Posted on 07/27/2006 3:00:03 PM PDT by BrandtMichaels
What are Darwinists so afraid of?
-------------------------------------------------------------------------------- Posted: July 27, 2006 1:00 a.m. Eastern
By Jonathan Witt © 2006
As a doctoral student at the University of Kansas in the '90s, I found that my professors came in all stripes, and that lazy ideas didn't get off easy.
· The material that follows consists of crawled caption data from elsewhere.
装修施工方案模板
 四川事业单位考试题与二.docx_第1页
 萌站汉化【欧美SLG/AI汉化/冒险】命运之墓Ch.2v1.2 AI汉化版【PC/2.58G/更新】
If some professor wanted to preach the virtues of communism after it had failed miserably in the Soviet Union, he was free to do so, but students were also free to hear from other professors who critically analyzed that position.
Conversely, students who believed capitalism and democracy were the great engines of human progress had to grapple with the best arguments against that view, meaning that in the end, they were better able to defend their beliefs.
Such a free marketplace of ideas is crucial to a solid education, and it's what the current Kansas science standards promote. These standards, like those adopted in other states and supported by a three-to-one margin among U.S. voters, don't call for teaching intelligent design. They call for schools to equip students to critically analyze modern evolutionary theory by teaching the evidence both for and against it.
The standards are good for students and good for science.
Some want to protect Darwinism from the competitive marketplace by overturning the critical-analysis standards. My hope is that these efforts will merely lead students to ask, What's the evidence they don't want us to see?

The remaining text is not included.